His case comes down pretty squarely against President Bush, although he doesn't come right out and call him the worst president in history. Wilentz goes through the usual list - the exploding federal deficit, the radical splitting of the country, the quagmire in Iraq, the war on science and the environment, etc.
So what does Steve think, you breathlessly ask?
Well, my first reaction to pieces like this is always to hold my breath hoping none of my favorites gets spanked. In addition to Taft, there's John Quincy Adams, Theodore Roosevelt, John F. Kennedy, and, lately, Gerald Ford (and of course my all-time favorite president, Josiah Bartlett from 'The West Wing'! His favorite movie is 'The Lion in Winter'! But Aaaargh! Remind me to tell you how that fact is BUNGLED when it's mentioned on the show!) ... and none of them gets even so much as a mention.
My second reaction was to test Wilentz' choices for the OTHER worst presidents. With Johnson I agree completely - he was a racist and a scoundrel. But honestly, what could Hoover have done about the Depression? He oversaw interest-free government loans to businesses, he started public works projects that were unprecedented in American history, and his much-maligned catch phrase, 'prosperity is just around the corner,' was intended to give HOPE to the country (also, Wilentz seems to forget the Great Depression was a world-wide phenomenon, created and sustained by a bewilderingly complicated interplay of factors). ANYBODY in the Oval Office at the time would have been stymied.
And then there's Wilentz' other object lesson, James Buchanan, whom he condemns for allowing the American Civil War to explode into being. But again, I don't see this - Buchanan insisted that the federal government didn't have the power to STOP states from succeeding from the Union. And he was right. He was right, no matter how much I hate the states who tried it, no matter how much I detest the rank disloyalty of it. The Union was VOLUNTARY. We entered into it together, eyes wide open, in rebellion AGAINST a greater commonwealth that forbade our leaving. No matter how unpopular it is to say it today (and no matter how much I personally appreciate the outcome), Lincoln had no constitutional right to go to war with the Confederacy. Buchanan wasn't wrong for saying it, altough maybe the right and wrong of it don't enter in as much as I think they should.
Ultimately, I think the worst offense President Bush has committed is also the one whose very existence might end up making questions like this moot. Worse than the deficit, worse than open-ended foreign wars, he's made HUGE headway into transforming the office of the president into ... well, into something it wasn't meant to be. Into the very thing it was meant NOT to be.

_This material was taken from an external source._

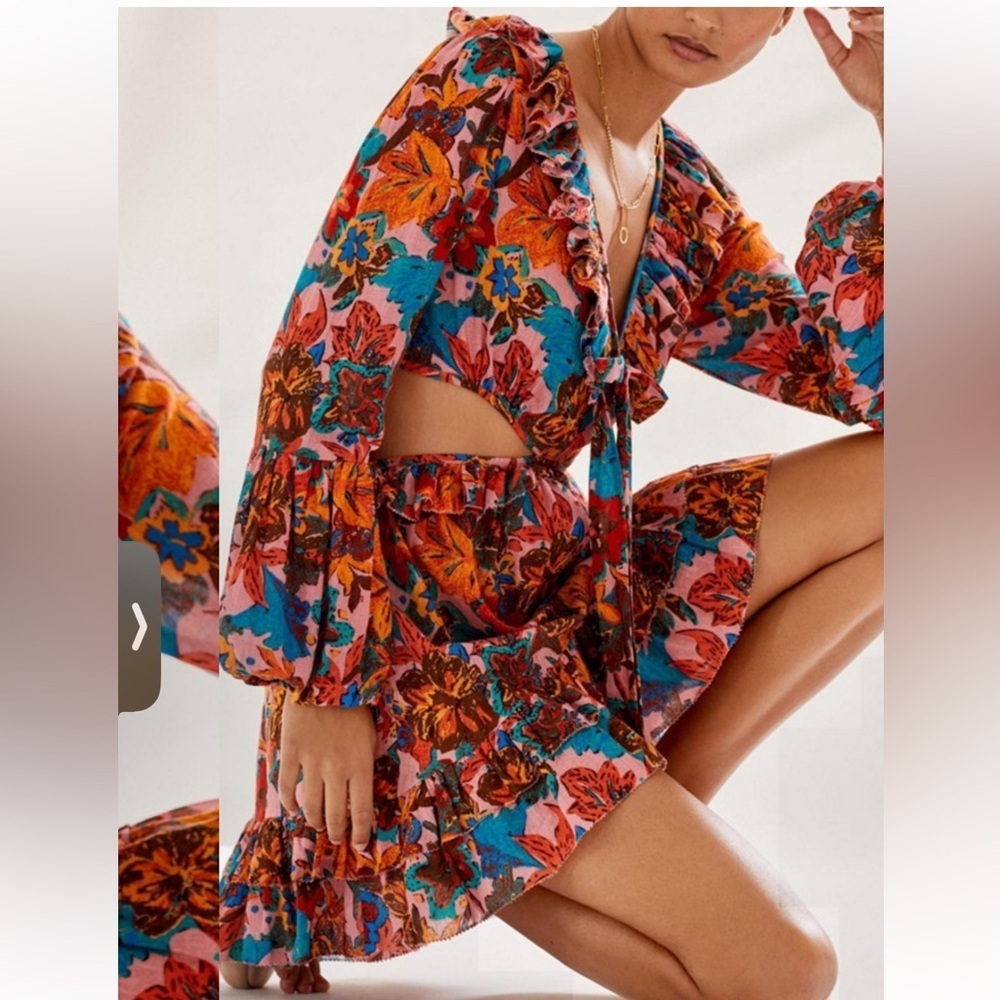 Love the label floral ruffle Cutout Dress - Picture 6 of 11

Criticizing the president is now a crime punishable by summary arrest and indefinite imprisonment without lawyer or trial. Whenever I point that out to people, they scoff and say 'come on! be realistic! that's not gonna happen' ... but my point is, there's nothing PREVENTING it from happening but that very attitude. By that amorphous, hazy attitude that goes something like 'that wouldn't ever happen' or 'WE know who those laws are meant for' ... responses like that.
I always want to GRAB these people (but I won't ... lawsuits, lawsuits...) and say, "Hey! You've let a wolf inside your house! What kind of impact is it going to have on him if you go around saying 'oh, he's not going to eat the baby! That's not going to happen HERE!'? How long do you think that's going to restrain him once he gets hungry?' The Patriot Acts are law - how can ANYBODY be comfortable RELYING on Dick Cheney's kindness?

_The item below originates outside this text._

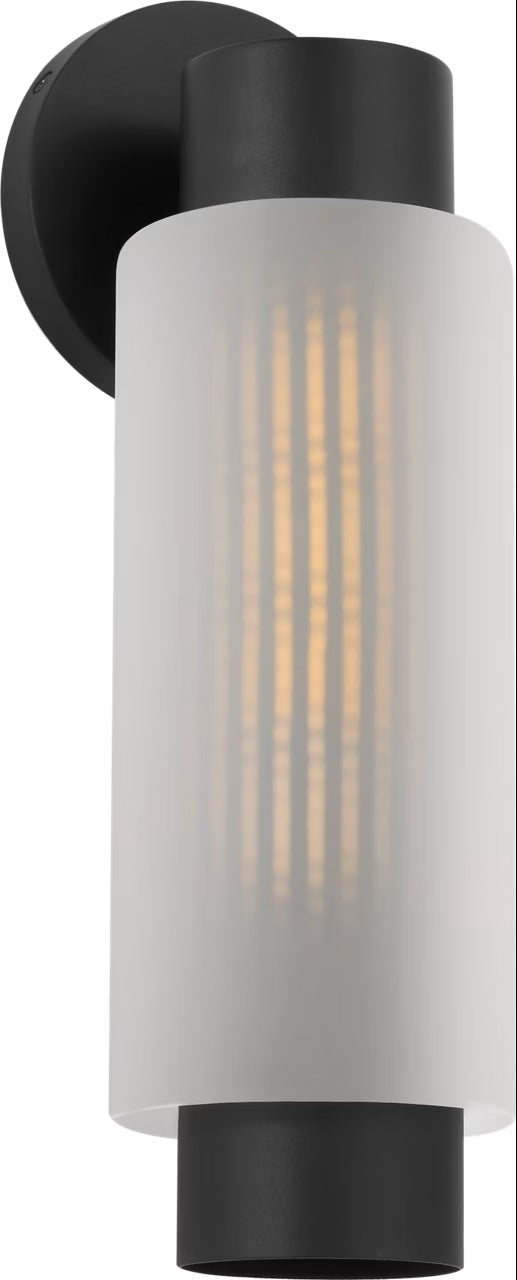 Ridge One Light Outdoor Wall Mount in Textured Black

I guess what I'm trying to say, in response to this article, is that I think it's entirely likely that George W. Bush is the first of a new KIND of president, and so not comparable to those who've gone before. I certainly hope I'm wrong, but if there's one thing I've learned from human history, it's this: power, once created, STAYS until it's DESTROYED. It never, never just meekly goes back to NOT being power. A presidency accountable to the people and answerable to their elected representatives in Congress ... you tell me: doesn't that ALREADY sound a little quaint, like something from a bygone era we probably won't see again?
Well, at least we'll always have Nick and Jessica! (I know, I know ... from the sublime to the ridiculous ... but really, what other response CAN there be, to contemplating the possibility that we as Americans are no longer free?) The same issue of Rolling Stone had a long interview with Nick Lachey about life after the most famous divorce in American history - the new life, the new album, etc. That album features thinly-veiled songs ABOUT his breakup with Jessica, and like everybody else, I just reflexively thought he was using the media limelight to move his product.
So imagine my surprise when the interviewer actually raised that question and got this reply:
I read somewhere somebody was saying, 'oh, he's capitalizing on his failed marriage to sell records.' That really pisses me off. Like I wouldn't rather be singing about how great love is? About my newborn son? Give me a fucking break. I don't get to choose where my life goes.
Which stopped me right in my tracks, especially that bit about his newborn son. That has the real ring of a guy whose dreams were crushed, and it made me feel a squirt of sympathy for him. For what that's worth.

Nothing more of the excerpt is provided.